O fibrinogênio é uma glicoproteína plasmática de 340 kDa composta por cadeias α, e ligadas por β9 pontes dissulfeto (DOOLITTLE, 1984; RIVERA et al., 2007; WEISEL, 2005). As leptospiras se ligam ao fibrinogênio (CHOY et al., 2007; PINNE; CHOY; HAAKE, 2010) e alguns receptores já foram identificados (CHOY et al., 2007; PINNE; CHOY; HAAKE, 2010).
Assim sendo, a ligação das proteínas recombinantes a componentes do soro também foi avaliada. Todas elas mostraram ligação significativa ao plasminogênio e adicionalmente, a proteína OmpL1 também se ligou ao fibrinogênio (Figura 30). Todos os controles negativos apresentaram baixos valores de absorbância.
Assim como para os componentes da matriz extracelular, a adesão das proteínas recombinantes aos componentes do soro foi corroborada por meio da utilização do anticorpo monoclonal anti-His (Figura 31).
Figura 30 - Estudo de adesão das proteínas recombinantes a componentes do soro.
Plasminogênio, fibrinogênio, fator H, complemento, C4bp e os controles negativos gelatina, BSA e fetuína (1 µg) foram imobilizados em placas de ELISA. Então, 1 µg da proteína recombinante foi adicionado por poço e as placas foram incubadas por 2 h a 37 oC. A detecção da ligação foi feita através da incubação com antissoro anti-proteína recombinante (1:1600 para anti-OmpL1 e 1:800 para anti-rLIC10731 e LIC10645), seguida de incubação com anti-IgG de camundongo (1:5.000). Os dados representam o valor da média ± desvio padrão de uma triplicata, e são representativos de três experimentos independentes. Para análise estatística, a ligação das proteína a cada componente foi comparada aos controles negativos, embora o p-valor apresentado neste gráfico se refira à comparação com a gelatina, pelo teste t-Student (**p<0,01, ***p<0,001 e ****p<0,0001).

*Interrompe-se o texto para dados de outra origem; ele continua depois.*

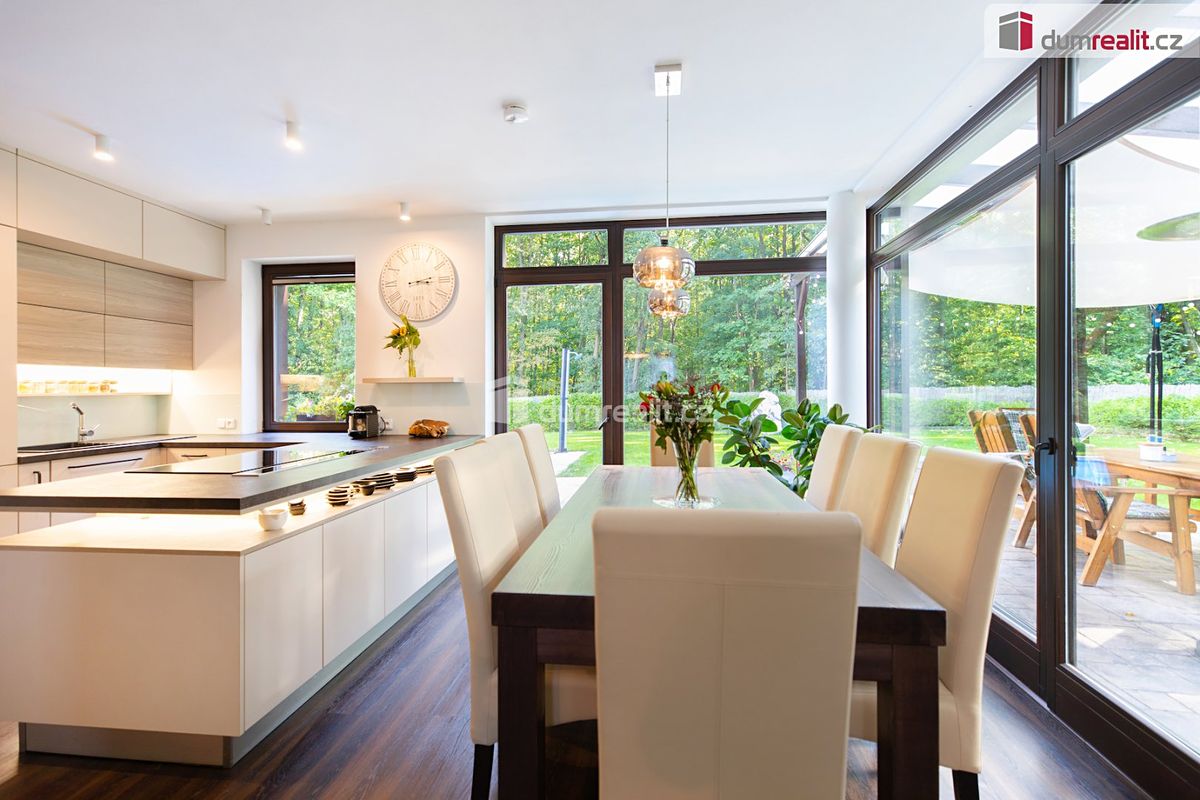 Prodej vily 249 m², pozemek 1050 m² – fotografie 3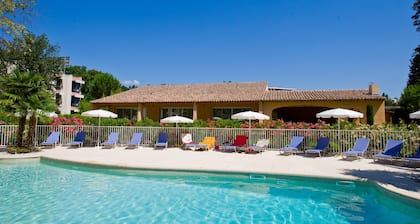Hotel Novotel Aix en Provence Pont de l'Arc FenouillĂšres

Figura 31 - Confirmação da adesão das proteínas recombinantes a componentes do soro pela utilização de anticorpo anti-his.
Os componentes de soro (1 µg) com os quais se desejava corroborar a adesão às proteínas recombinantes foram imobilizados em placas de ELISA. Então, 1 µg da proteína recombinante foi adicionado por poço e as placas foram incubadas por 2 h a 37 oC. A detecção da ligação foi feita através da incubação com anticorpo monoclonal anti-his conjugado com peroxidase (1:400 para OmpL1 e 1:20.000 para anti-rLIC10731 e 1:8.000 para LIC10645). Os dados representam o valor da média ± desvio padrão de uma triplicata, e são representativos de dois experimentos independentes. Para análise estatística, a ligação das proteína a cada componente foi comparada com a gelatina, pelo teste t-Student (**p<0,01 e ***p<0,001).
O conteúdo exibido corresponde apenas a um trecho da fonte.